EXERCISE DATA START

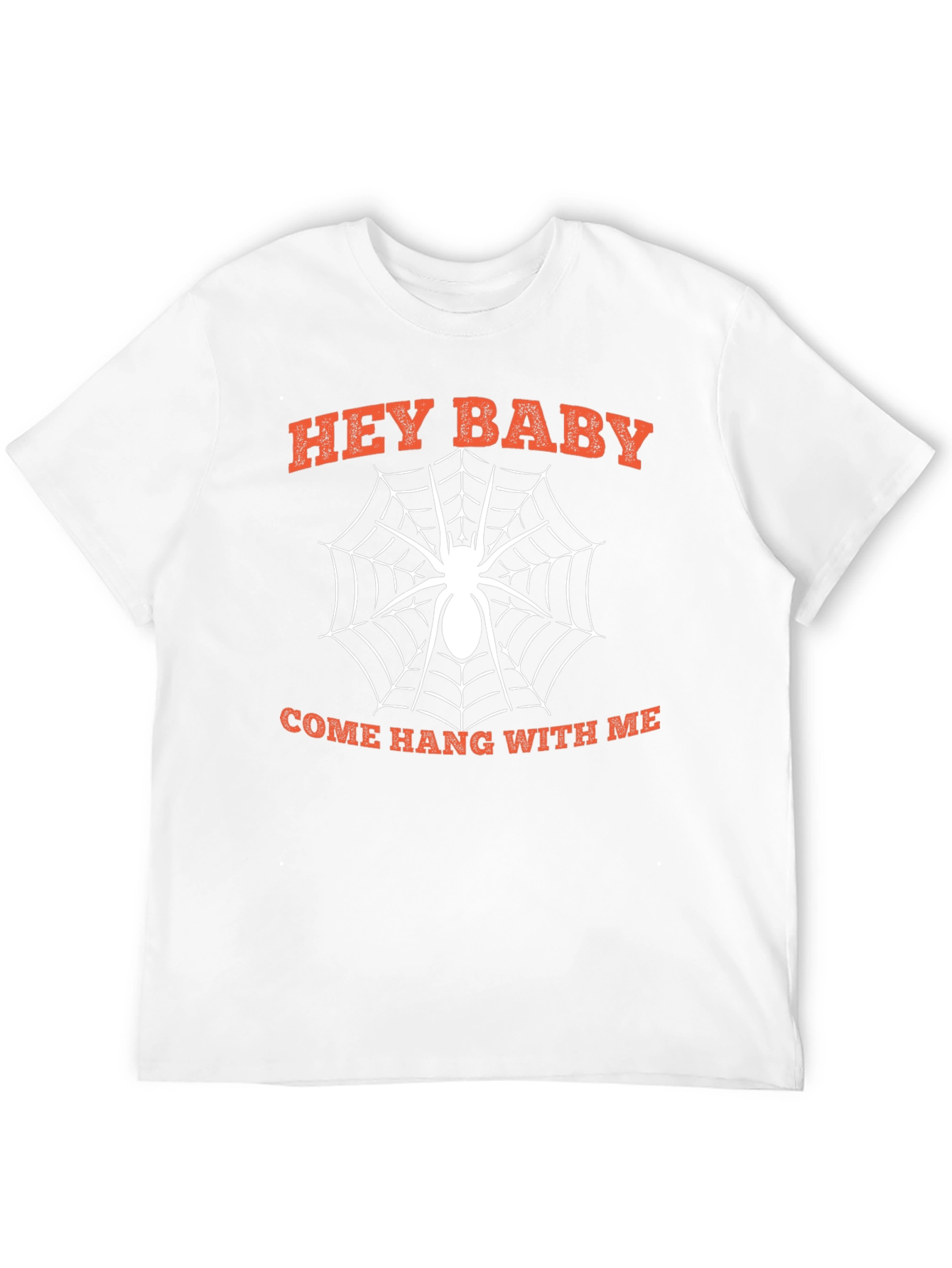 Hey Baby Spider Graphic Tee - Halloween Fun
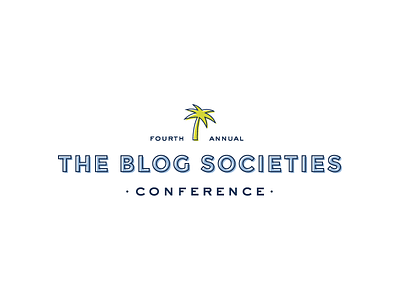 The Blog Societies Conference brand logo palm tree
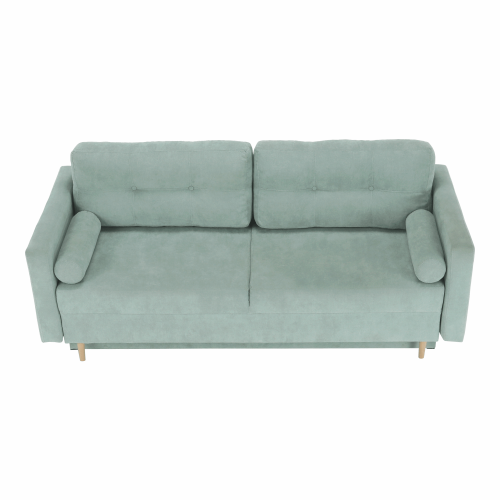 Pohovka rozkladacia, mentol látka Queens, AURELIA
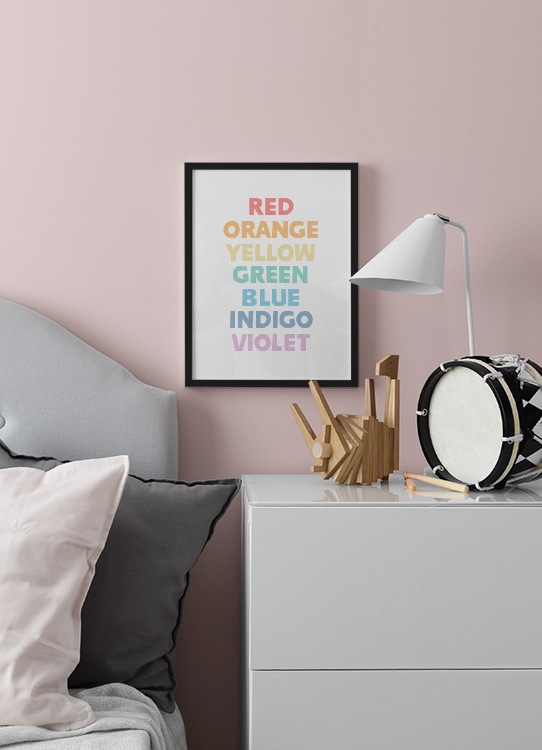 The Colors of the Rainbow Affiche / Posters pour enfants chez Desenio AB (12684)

EXERCISE DATA END

▶ TO DO
Leaving the pictures out, set down all of the data again exactly.

▶ EXERCISE OUTPUT
 Hey Baby Spider Graphic Tee - Halloween Fun
 The Blog Societies Conference brand logo palm tree
 Pohovka rozkladacia, mentol látka Queens, AURELIA
 The Colors of the Rainbow Affiche / Posters pour enfants chez Desenio AB (12684)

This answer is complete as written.